On Sunday 11 September 2016 I went to the fabulous surroundings of Cadogan Hall to see multi Grammy award winner Jimmy Webb – one of the most consistent and amazing songwriters of all time – who has topped the charts with hits across genres for the last five decades – pop, country and disco. Webb is relatively unknown to many, by name, but instantly recognisable through his partnership with Glen Campbell.
I was brought up listening to the songs of Glen Campbell, whom my dad often played on the radiogram (along with Tom Jones), and I have many of his albums! I also have several of Jimmy’s albums and have a wide appreciation of his repertoire and so this evening, a celebration of his songs with Campbell, was something I’d been looking forward to for quite some time – I couldn’t get tickets when he was here last year.
For nearly two hours, intentionally or not, Webb revealed himself through sometimes funny, sometimes poignant and always entertaining stories. After an introduction featuring Webb’s own version of Galveston, as it was originally written, rather than the “Piece of commercially viable material” it became under Campbell, the 70-year-old went right back to his musical roots, taking the audience on a journey through his life from growing up as a country boy in 1950’s rural Oklahoma to the day when, aged 14, he heard Glen Campbell’s ‘Turn Around, Look at Me’ on the radio and begged his father for a dollar and drove 22 miles to buy the record.
When he started writing songs, the teenage Webb prayed “To write a song as good as that and meet someone like Glen Campbell who can sing it.” He believes it was a “miracle” that within four years Campbell won a Grammy for his performance of Webb’s own ‘By the Time I Get to Phoenix’ before he had even met the man himself – Webb played this as a duet with a video backing track featuring Campbell.
It was interesting to learn that Webb’s father was a Baptist Pastor and that he learnt his trade by playing in church every Sunday from a young age. They moved to California when he was 17, but his dad decided to move back to Oklahoma when his mother died.

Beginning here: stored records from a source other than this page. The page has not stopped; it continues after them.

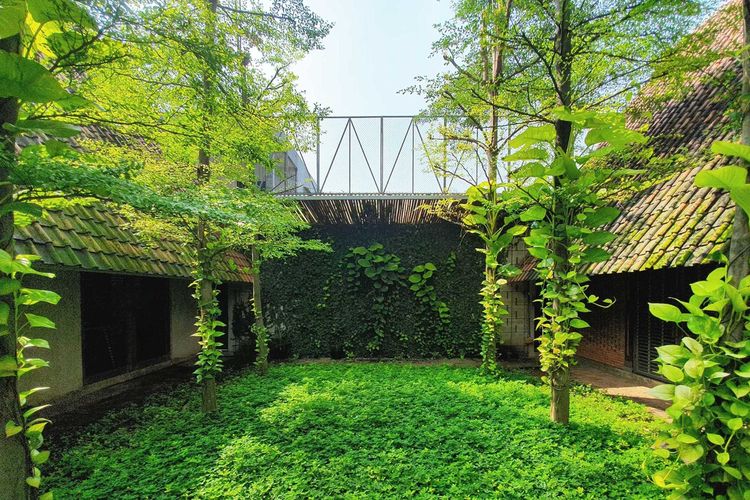 Desain taman rumah yang rimbun karya arsitek Pramudya 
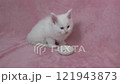 White kitten licking a plate of treats 121943873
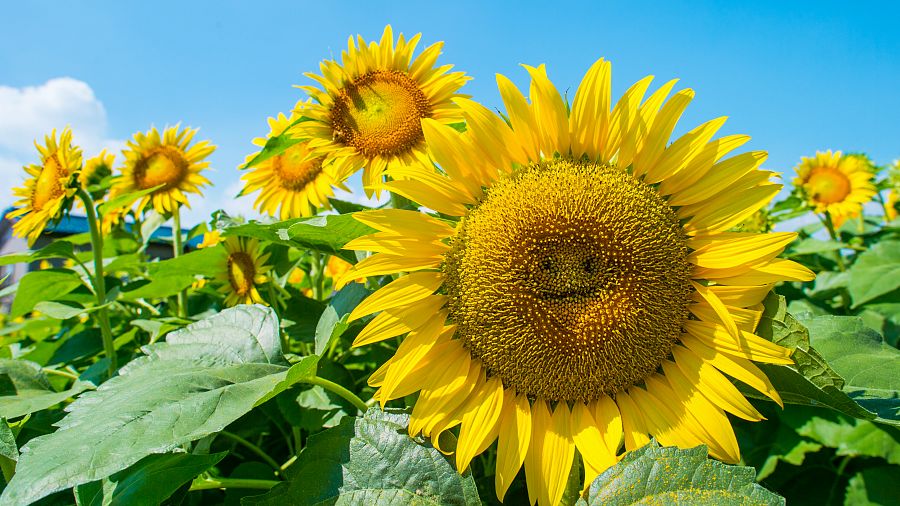 Campo de girasoles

One of the songs Webb composed during that period was ‘Honey Come Back’ a song that Campbell covered to great success.
After being rejected by almost every record label, Webb found a home at Motown and then transferred to Soul City Records.
Keen to get the audience to understand the full scope of Campbell’s talent, Webb went into great detail about his achievement as a member of the legendary ‘Wrecking Crew’ that played on dozens of hit records in the second part of the sixties. Another on screen duet on ‘Wichita Lineman’ that Webb wrote at Campbell’s insistence (he wanted a follow-up town song to ‘By The Time I Get To Phoenix’) proved another highlight.

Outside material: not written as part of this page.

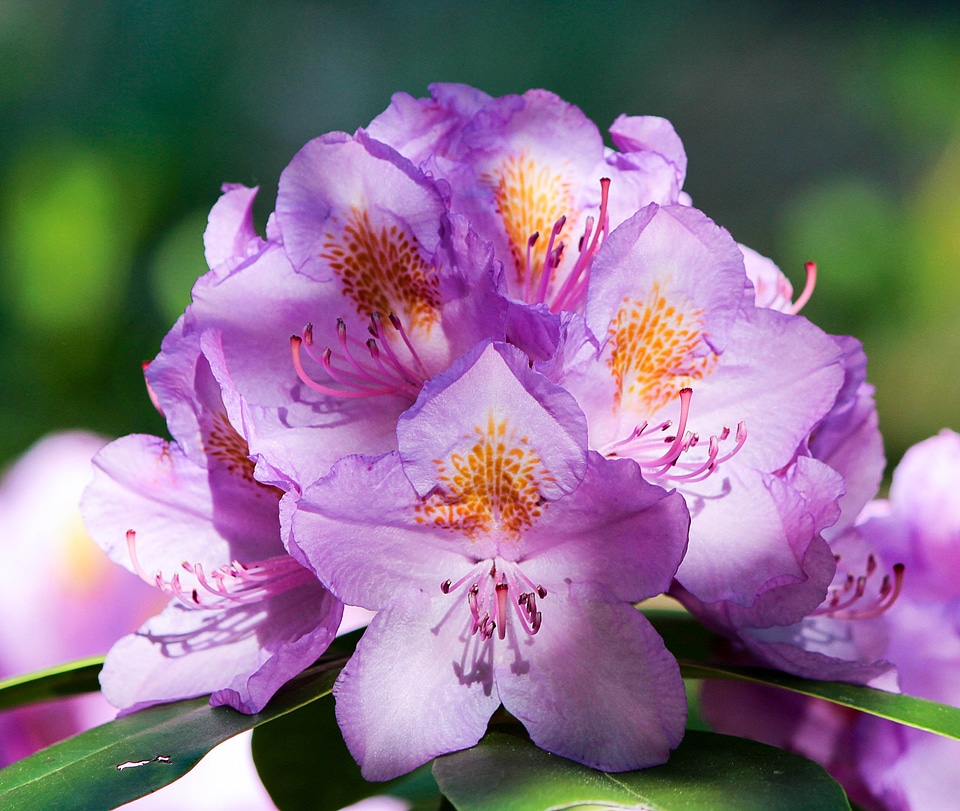 Plant natural blossom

Webb performed his classics at a grand piano, and his voice couldn’t quite reach the highest notes, but that didn’t matter, his DNA is in all those songs. Webb told how a radio station in his home county threatened to stop playing the Fifth Dimension hit he wrote ‘Up, Up and Away’ thinking it was about drugs not balloons. Only when Webb’s father – a former US Marine turned Baptist Minister – marched on the building clutching “a .45 and a Bible” did they have a change of heart.
Another moving moment came when Webb talked about Campbell’s struggle with Alzheimer’s. He revealed that during Campbell’s farewell world tour in 2012 – knowing that he had Alzheimer’s and dependent on an auto-cue – the legendary country star accidentally sang Wichita Lineman twice whilst performing in Sydney and the crowd shouted “Sing it again!” (the Documentary about Glen’s last tour ‘I’ll Be Me’ is worth checking out on Sky Arts).

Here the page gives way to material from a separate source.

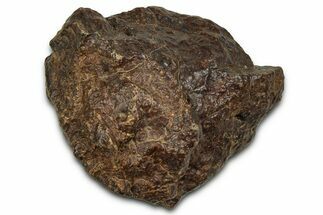 Chondrite Meteorite ( g) - Western Sahara Desert #371287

As the Seventies wore on, the two men’s fortunes were on the wane, but Webb concluded that he had been very fortunate that Campbell had so much faith in his material (the great man recorded more than eighty Webb compositions over the years). After another duet on ‘Postcard From Paris’ that Campbell recorded on his last studio album ‘See You There’ was followed by one of Webb’s most famous (and most hated as the man himself remembered) tracks ‘MacArthur Park’. One of Campbell’s favourite Webb songs, it usually enabled him to display his virtuoso guitar skills that we were able to witness thanks to a clip from the eighties cleverly inserted in the song by Webb. After a standing ovation, an emotional rendition of ‘Time Flies’ concluded the show while pictures of Webb and Campbell played in the background.
The Glen Campbell tribute was only organised by Webb because Glen, now in the final stages of Alzheimer’s, is no longer able to perform. Webb wanted to highlight his belief that Glen is one of the greatest entertainers of all time. Few would argue with that accolade.